Stored entries
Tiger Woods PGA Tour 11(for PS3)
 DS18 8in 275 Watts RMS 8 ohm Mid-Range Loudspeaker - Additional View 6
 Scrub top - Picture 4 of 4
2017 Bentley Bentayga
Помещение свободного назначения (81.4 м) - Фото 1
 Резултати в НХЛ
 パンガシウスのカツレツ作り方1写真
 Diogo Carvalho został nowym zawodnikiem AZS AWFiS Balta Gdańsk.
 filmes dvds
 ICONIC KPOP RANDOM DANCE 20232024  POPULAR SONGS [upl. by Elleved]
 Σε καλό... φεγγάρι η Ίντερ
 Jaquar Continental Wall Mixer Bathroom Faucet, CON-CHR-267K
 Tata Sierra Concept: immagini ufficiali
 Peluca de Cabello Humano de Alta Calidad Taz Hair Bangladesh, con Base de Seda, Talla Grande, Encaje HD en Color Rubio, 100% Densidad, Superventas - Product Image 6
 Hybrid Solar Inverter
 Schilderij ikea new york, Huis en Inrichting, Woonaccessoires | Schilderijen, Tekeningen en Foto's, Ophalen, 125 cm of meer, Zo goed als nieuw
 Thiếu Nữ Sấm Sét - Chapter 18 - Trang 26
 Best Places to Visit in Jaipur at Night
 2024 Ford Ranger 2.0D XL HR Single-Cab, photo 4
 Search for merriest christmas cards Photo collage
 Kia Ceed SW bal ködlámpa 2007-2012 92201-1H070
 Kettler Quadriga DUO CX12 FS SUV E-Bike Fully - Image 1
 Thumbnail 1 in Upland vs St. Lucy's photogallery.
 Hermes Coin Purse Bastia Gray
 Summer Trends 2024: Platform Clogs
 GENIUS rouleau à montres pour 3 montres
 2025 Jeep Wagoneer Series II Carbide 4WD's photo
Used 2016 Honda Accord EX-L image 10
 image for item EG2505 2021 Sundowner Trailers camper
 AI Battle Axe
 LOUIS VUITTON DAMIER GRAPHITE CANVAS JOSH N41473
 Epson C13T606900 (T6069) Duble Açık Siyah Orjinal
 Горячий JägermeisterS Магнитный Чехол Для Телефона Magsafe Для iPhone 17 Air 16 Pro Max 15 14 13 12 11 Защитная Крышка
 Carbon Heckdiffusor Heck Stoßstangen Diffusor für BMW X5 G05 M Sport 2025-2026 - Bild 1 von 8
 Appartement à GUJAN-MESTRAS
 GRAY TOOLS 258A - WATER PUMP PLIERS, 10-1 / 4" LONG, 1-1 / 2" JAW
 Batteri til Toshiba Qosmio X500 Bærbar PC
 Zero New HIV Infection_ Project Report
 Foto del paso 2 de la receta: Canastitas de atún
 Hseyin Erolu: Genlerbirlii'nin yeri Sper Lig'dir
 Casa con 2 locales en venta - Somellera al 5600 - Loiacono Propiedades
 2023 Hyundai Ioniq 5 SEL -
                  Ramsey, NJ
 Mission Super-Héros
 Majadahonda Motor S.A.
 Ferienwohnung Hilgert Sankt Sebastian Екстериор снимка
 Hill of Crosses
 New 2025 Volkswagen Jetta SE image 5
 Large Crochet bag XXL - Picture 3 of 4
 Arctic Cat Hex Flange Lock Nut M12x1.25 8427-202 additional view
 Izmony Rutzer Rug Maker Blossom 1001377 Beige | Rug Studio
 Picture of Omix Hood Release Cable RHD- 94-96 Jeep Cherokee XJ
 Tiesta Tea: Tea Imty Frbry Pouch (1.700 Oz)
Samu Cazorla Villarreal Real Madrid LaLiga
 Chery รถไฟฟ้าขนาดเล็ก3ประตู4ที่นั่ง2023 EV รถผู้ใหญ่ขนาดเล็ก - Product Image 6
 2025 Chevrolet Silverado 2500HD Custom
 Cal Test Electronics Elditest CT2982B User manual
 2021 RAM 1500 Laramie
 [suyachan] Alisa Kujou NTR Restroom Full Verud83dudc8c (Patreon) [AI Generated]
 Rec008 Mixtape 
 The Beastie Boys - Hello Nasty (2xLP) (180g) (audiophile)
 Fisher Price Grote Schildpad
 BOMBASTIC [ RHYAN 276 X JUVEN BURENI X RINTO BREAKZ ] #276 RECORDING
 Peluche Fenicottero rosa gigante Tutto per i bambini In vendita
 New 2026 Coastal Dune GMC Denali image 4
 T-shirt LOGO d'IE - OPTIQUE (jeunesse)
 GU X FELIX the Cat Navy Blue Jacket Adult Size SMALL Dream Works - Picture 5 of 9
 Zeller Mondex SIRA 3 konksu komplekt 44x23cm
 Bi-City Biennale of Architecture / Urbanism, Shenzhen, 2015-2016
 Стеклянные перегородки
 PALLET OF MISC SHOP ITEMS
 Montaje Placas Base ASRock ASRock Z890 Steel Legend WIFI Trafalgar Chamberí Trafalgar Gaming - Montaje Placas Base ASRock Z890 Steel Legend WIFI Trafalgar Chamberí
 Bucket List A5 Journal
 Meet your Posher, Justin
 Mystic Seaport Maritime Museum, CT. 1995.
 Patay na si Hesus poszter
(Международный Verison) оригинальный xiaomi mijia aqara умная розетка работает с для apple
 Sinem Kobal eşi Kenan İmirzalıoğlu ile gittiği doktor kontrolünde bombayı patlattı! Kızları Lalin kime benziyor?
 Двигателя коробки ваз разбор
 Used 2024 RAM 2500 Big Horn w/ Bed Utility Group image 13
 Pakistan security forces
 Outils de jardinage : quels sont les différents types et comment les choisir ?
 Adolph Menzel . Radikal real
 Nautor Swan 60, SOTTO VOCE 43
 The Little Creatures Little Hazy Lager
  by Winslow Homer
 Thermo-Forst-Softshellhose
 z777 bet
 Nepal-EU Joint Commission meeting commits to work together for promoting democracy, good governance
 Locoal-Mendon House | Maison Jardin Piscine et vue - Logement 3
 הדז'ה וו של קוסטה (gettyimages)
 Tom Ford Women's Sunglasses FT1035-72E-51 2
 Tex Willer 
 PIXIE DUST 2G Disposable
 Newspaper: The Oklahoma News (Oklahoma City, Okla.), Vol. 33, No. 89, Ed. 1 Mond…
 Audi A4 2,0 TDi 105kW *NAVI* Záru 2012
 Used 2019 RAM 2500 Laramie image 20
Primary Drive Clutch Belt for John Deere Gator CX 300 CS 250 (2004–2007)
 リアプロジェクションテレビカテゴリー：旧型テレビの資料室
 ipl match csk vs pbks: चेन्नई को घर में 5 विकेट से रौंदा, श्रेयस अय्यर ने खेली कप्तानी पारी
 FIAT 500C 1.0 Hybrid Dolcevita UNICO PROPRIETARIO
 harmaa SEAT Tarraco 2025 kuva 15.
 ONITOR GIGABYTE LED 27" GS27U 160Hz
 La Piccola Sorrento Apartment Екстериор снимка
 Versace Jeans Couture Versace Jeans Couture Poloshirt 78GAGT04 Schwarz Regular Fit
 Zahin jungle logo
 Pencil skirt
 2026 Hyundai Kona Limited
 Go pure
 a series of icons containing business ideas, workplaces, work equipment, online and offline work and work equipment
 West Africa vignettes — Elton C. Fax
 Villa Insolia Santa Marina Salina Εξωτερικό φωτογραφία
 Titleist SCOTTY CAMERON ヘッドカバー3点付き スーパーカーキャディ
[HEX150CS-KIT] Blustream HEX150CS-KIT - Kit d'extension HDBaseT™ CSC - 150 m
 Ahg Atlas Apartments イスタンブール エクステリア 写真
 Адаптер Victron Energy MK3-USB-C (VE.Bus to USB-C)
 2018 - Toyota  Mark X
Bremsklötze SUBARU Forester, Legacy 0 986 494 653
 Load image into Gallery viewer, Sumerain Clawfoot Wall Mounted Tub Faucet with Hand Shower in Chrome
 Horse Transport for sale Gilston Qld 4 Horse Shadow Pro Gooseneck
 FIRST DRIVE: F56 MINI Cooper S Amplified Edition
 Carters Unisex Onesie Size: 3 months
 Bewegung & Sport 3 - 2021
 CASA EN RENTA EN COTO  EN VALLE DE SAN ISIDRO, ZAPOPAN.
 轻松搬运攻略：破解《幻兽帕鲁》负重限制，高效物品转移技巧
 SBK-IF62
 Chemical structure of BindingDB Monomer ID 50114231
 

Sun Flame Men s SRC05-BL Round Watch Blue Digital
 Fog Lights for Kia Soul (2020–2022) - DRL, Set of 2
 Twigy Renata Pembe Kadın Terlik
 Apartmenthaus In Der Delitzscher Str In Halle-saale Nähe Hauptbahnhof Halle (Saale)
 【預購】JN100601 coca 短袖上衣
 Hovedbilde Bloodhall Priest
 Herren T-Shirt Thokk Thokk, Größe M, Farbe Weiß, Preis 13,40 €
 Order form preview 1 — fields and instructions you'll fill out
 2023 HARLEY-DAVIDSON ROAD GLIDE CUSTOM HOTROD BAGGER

Work item.
Among the lines above, find those with the word "Hyundai" and list them.

Exercise solution.
 2023 Hyundai Ioniq 5 SEL -
 2026 Hyundai Kona Limited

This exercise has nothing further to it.